Ein besonders wichtiges Thema sind die oft überforderten Halter sowie die falsch sozialisierten Hunde, die damit einhergehen. Diese Missstände führen nicht nur zu Konflikten, sondern auch zu einer steigenden Anzahl von Tieren in Tierheimen. Kunkel betont, dass viele Probleme aus mangelndem Wissen über Hundeverhalten und -kommunikation resultieren. So ist beispielsweise eine qualitativ hochwertige Futterzufuhr, ein gesundes Körpergewicht sowie regelmäßige tierärztliche Untersuchungen entscheidend für das Wohlbefinden der Tiere.

Die Schattenseite des Hundekaufs

Interessanterweise hat die wachsende Nachfrage nach Hunden auch den illegalen Welpenhandel angeheizt, ein Thema, das auch auf Ebene der EU nicht ignoriert werden kann. Viele Welpen stammen aus zweifelhaften Zuchtfarmen in Osteuropa, und in Deutschland ist die Situation besonders brisant – etwa 60% der Hunde werden hierzulande online gekauft. Diese Entwicklung hat die EU zu Maßnahmen bewegt, um dem illegalen Handel entgegenzuwirken. Eine geplante Verordnung sieht vor, dass jeder Hund gechippt und registriert werden muss. Auf diese Weise möchte man auch die Verkaufspraktiken in Zoohandlungen reformieren, sodass solche Geschäfte in Zukunft unterbunden werden können, wie Tagesschau berichtet.

Die jährlich geschätzte Nachfrage nach Hunden in der EU beträgt bis zu sechs Millionen. Dies führt manchmal dazu, dass die Nachfrage nach beliebten Rassehunden nicht durch seriöse Züchter gedeckt werden kann. Ein Beispiel, das die Probleme verdeutlicht, ist die Geschichte von der kleinen Mini-Malteser-Hündin Bella, die krank und mit gefälschten Papieren zu einem Tierarzt kam. Dies ist eine eindeutige Warnung, dass unserig überlegter Kauf große Konsequenzen für die Tiere haben kann.

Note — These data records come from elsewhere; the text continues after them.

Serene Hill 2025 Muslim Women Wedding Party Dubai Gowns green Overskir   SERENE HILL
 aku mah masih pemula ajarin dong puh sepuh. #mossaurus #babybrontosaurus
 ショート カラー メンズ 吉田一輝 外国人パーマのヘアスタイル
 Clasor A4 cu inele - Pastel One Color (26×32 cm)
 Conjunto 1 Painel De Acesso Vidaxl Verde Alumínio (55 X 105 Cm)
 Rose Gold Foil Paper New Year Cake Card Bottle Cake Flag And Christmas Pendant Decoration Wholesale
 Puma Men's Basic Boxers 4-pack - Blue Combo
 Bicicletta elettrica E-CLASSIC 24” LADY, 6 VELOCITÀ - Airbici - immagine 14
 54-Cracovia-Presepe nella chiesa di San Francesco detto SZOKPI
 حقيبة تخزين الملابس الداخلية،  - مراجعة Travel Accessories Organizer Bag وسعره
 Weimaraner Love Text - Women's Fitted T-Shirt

Die Verantwortung der Halter

Um das Wohl der Hunde zu sichern, ist auch die Verantwortung der Halter von zentraler Bedeutung. Kunkel empfiehlt dringend, vor dem Kauf eines Welpen zuerst ein Tierheim zu besuchen. Oft warten dort viele Hunde auf ein liebevolles Zuhause. Ein Hundeführerschein könnte dazu beitragen, die richtigen Grundlagen zu schaffen und unüberlegte Verpaarungen sowie Qualzuchten zu verhindern.

All diese Entwicklungen tragen dazu bei, dass das Bewusstsein für die Herausforderungen und Bedürfnisse eines Hundes geschärft wird. Wer sich für ein Tier entscheidet, sollte nicht nur das niedliche Äußere sehen, sondern auch bereit sein, die Verantwortung für das Leben eines Mitgeschöpfes zu übernehmen und sich damit auseinanderzusetzen. Denn, so Kunkel, „oft liegt das Gute direkt vor der Haustür, in Form von Tieren, die unverschuldet im Tierheim gelandet sind“. Dieser Gedanke könnte uns alle dazu bewegen, bewusster und verantwortungsvoller mit den Bedürfnissen unserer tierischen Begleiter umzugehen.